12.4.06

O homem que era quinta feira

I announce, officially, that dear Iran has joined the nuclear countries of the world. His audience broke into cheers and chants of "Allahu akbar" (God is great).
O objectivo iraniano de longo prazo é atingir as 54000 centrifugadoras nucleares. No imediato é mais modesto: passar das actuais 164 centrifugadoras já existentes em Natanz para 3000 até final do ano.

Durante a guerra do Vietname, Sartre alvitrou a solução “definitiva” para o imperialismo americano: um ataque nuclear aos EUA. Sartre, discípulo de Heidegger, na eminência da derrota francesa perante os superiores exércitos nazis advertiu os seus compatriotas contra os riscos do fatalismo e os perigos do (falso) conforto de se encararem como vítimas de um destino imutável. Mas o mesmo Sartre, capaz de ver para lá do alcance do comum dos mortais, não viu o óbvio: que as potências ocidentais tinham dado à Alemanha nazi mais de seis anos para preparar a guerra e que se esse tempo de preparação lhe tivesse sido negado isso teria representado a salvação para milhões de seres humanos.

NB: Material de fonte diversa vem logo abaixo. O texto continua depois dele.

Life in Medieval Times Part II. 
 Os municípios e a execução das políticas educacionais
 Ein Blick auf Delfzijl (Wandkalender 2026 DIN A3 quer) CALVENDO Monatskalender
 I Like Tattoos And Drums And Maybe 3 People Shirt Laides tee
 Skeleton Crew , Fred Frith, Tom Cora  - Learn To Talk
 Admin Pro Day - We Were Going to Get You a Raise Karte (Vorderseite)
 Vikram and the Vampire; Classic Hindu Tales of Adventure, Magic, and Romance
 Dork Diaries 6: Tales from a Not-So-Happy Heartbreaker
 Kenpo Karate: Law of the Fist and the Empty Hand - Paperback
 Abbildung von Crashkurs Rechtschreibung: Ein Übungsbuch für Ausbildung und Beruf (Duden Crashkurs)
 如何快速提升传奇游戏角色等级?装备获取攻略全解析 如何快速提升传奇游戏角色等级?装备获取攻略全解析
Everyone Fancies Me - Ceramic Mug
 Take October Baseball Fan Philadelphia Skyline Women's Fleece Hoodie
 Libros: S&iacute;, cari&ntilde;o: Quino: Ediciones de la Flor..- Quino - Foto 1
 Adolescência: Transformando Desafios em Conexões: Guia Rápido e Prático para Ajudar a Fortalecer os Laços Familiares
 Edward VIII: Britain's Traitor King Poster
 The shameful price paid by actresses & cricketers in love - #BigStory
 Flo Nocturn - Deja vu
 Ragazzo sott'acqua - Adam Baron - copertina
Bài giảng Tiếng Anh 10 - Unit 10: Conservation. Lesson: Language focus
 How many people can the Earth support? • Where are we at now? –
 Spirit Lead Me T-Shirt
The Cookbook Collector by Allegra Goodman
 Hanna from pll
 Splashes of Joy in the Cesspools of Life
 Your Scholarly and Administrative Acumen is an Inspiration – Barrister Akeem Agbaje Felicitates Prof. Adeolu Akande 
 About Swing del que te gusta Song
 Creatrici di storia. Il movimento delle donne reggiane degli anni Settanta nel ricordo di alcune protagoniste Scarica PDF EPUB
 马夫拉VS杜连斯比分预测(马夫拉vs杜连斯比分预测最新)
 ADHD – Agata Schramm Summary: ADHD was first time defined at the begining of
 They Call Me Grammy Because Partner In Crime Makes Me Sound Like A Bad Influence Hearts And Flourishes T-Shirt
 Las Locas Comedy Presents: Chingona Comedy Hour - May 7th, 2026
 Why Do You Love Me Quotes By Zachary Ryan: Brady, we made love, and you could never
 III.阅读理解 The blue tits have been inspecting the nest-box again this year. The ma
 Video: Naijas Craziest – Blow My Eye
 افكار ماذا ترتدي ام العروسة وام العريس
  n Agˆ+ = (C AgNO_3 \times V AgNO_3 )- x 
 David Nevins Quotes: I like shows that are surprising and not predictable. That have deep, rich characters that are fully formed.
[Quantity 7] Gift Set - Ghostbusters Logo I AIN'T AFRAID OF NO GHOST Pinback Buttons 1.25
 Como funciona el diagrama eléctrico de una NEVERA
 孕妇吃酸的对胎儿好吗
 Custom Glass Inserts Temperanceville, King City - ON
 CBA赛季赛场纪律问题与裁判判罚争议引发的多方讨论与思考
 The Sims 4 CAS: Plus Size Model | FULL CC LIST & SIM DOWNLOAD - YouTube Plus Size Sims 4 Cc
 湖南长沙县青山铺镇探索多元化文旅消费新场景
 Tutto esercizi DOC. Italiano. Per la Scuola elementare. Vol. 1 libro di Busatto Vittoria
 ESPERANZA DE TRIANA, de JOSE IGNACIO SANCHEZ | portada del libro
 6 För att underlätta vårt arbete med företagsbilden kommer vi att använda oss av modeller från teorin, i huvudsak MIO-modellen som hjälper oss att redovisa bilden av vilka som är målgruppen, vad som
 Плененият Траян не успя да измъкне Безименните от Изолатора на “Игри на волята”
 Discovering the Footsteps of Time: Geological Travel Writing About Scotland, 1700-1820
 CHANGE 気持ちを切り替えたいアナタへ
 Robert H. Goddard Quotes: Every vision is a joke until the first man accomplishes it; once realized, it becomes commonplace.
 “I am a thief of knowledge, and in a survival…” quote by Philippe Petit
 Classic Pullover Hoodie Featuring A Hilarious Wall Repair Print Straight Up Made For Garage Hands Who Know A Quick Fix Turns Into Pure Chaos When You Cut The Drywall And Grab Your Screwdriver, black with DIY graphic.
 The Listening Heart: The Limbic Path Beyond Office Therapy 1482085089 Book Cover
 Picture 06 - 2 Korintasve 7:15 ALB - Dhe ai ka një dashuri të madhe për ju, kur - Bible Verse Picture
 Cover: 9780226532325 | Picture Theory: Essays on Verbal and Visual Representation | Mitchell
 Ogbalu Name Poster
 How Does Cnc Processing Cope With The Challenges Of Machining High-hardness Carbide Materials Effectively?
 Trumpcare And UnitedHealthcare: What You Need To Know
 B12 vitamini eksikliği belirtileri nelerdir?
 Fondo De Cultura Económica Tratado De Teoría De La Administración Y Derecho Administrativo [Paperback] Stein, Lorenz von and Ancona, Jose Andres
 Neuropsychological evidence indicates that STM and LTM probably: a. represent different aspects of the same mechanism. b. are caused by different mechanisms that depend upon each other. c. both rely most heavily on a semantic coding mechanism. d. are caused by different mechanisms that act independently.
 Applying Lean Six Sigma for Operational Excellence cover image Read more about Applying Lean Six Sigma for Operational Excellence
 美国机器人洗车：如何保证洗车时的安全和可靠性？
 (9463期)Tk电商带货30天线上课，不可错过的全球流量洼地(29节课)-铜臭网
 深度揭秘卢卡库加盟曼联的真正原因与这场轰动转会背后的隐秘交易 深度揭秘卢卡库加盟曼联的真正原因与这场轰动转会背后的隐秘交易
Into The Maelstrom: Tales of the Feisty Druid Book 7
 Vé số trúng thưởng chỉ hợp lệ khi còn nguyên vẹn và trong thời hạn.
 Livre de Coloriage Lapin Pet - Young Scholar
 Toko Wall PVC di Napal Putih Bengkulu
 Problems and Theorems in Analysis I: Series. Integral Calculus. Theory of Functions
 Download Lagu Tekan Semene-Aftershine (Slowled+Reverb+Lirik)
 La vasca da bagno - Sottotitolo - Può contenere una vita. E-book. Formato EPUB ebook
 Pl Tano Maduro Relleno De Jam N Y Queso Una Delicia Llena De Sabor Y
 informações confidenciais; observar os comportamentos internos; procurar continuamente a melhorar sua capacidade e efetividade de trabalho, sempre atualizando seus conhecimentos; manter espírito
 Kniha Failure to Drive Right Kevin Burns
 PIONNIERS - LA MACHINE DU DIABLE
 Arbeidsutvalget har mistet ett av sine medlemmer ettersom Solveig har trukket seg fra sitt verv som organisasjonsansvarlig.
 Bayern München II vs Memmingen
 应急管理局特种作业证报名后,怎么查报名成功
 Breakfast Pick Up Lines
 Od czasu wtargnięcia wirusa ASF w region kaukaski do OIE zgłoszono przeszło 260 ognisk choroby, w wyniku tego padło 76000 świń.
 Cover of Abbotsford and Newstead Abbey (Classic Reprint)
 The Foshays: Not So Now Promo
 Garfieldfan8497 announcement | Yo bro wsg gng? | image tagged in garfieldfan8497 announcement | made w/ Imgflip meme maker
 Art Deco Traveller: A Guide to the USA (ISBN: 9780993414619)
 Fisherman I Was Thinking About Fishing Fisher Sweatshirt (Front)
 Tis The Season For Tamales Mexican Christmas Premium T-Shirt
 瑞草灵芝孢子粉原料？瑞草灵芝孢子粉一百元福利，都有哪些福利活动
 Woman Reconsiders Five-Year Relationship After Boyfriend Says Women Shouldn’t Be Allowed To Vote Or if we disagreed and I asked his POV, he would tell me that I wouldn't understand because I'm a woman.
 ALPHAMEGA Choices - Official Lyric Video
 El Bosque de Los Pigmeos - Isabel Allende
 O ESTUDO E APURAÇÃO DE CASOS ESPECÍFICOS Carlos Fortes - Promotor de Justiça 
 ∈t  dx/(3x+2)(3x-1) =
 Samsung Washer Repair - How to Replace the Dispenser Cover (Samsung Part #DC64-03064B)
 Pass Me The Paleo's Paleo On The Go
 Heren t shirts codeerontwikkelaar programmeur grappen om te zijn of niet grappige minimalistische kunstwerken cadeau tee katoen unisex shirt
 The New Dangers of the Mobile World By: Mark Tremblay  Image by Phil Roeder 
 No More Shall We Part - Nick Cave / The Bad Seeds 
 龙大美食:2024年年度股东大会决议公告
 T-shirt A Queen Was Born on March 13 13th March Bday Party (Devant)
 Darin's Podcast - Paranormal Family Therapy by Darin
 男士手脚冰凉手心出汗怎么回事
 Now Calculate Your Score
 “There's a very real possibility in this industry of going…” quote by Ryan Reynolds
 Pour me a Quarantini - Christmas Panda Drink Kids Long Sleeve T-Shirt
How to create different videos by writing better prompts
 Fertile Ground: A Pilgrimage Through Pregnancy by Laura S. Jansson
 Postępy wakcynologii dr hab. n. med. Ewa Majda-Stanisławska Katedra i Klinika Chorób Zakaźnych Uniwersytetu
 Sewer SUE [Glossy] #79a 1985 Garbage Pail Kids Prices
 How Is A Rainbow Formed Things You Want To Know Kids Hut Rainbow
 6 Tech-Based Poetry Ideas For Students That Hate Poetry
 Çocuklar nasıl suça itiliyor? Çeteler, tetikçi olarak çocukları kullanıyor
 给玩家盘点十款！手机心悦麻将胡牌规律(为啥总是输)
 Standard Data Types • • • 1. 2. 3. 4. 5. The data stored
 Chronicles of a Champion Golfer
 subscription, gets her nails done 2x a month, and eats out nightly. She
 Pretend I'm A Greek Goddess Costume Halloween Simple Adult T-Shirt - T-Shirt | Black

O valor que Sartre atribuía à vida humana é duvidoso. Também não foi capaz de ver as atrocidades do Gulag, ou de qualquer outra tirania comunista que despontasse no mundo. No resto da sua vida, Sartre produziu sistemáticas hipérboles retóricas, condenando o “imperialismo americano” e desculpabilizando tiranias avulsas como “vítimas” do capitalismo.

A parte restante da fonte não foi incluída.